Ladies and Gentlemen:

We have acted as counsel to Hercules Technology Growth Capital, Inc., a Maryland corporation (the “Company”), in connection with the offering by the Company from time to time, pursuant to Rule 415 under the Securities Act of 1933, as amended (the “Securities Act”), of up to 13,000,000 shares (the “Shares”) of the Company’s common stock, par value $0.001 per share (the “Common Stock”). Such offering will be made pursuant to a registration statement on Form N-2 (No. 333-166101) filed under the Securities Act (the “Registration Statement”).

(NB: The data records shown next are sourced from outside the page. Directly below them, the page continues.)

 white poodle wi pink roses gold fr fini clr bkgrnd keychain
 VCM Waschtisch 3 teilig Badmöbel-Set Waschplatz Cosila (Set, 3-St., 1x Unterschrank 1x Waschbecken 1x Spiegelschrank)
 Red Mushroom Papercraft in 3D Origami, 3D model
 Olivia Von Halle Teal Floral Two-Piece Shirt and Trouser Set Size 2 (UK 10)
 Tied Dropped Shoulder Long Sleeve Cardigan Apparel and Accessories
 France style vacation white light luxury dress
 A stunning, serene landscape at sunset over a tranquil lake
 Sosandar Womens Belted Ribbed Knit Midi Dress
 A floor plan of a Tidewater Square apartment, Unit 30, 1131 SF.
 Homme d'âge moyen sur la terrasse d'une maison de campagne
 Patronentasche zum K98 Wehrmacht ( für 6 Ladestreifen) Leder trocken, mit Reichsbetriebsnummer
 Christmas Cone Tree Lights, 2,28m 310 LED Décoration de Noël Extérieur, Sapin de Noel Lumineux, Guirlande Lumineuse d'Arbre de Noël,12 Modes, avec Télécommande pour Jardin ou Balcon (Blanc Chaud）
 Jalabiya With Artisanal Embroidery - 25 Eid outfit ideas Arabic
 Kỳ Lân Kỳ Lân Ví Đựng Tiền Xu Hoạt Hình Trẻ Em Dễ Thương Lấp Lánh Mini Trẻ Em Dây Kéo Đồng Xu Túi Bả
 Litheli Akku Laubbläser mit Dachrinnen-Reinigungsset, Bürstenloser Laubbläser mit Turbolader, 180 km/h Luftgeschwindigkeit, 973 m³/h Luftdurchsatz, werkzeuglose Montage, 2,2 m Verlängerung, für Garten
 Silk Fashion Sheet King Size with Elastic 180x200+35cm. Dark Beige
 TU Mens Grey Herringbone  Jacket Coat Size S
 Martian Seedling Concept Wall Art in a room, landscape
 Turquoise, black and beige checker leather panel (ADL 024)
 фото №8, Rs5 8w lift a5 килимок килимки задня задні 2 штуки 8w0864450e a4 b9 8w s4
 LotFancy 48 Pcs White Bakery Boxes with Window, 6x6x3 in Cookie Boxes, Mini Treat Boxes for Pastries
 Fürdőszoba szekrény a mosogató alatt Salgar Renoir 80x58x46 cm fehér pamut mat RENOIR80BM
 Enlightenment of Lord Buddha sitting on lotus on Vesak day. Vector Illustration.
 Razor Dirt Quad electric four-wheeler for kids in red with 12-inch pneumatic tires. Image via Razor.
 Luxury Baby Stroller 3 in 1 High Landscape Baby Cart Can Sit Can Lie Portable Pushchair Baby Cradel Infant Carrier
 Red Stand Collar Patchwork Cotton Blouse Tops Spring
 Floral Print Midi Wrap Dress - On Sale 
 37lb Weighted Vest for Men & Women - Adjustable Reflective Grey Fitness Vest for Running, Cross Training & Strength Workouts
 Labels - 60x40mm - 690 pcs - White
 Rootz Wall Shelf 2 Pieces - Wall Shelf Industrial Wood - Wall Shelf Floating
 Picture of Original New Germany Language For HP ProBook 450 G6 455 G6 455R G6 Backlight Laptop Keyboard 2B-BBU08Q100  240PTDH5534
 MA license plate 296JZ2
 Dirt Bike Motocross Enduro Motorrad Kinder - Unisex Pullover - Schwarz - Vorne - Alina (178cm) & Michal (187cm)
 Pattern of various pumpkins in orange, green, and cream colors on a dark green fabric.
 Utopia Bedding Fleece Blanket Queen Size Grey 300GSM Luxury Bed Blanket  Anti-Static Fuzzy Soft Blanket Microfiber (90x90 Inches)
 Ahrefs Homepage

As counsel to the Company, we have participated in the preparation of the Registration Statement and have examined the originals or copies, certified or otherwise identified to our satisfaction as being true copies of such records, documents or other instruments as we in our judgment have deemed to be necessary or appropriate to enable us to render the opinions hereinafter expressed including, without limitation, the following:

 

  i. The Articles of Amendment and Restatement of the Company, certified as of a recent date by the State Department of Assessments and Taxation of the State of Maryland (the “Articles of Incorporation”);

 

  ii. The Amended and Restated Bylaws of the Company, certified as of the date hereof by an officer of the Company (the “Bylaws”);

 

  iii. A Certificate of Good Standing with respect to the Company issued by the State Department of Assessments and Taxation of the State of Maryland as of a recent date (the “Certificate of Good Standing”); and

 

  iv. The resolutions of the board of directors of the Company (the “Board”) relating to, among other things, (a) the authorization and approval of the preparation and filing of the Registration Statement, and (b) the authorization, issuance, offer and sale of the Shares pursuant to the Registration Statement, certified as of the date hereof by an officer of the Company (collectively, the “Resolutions”).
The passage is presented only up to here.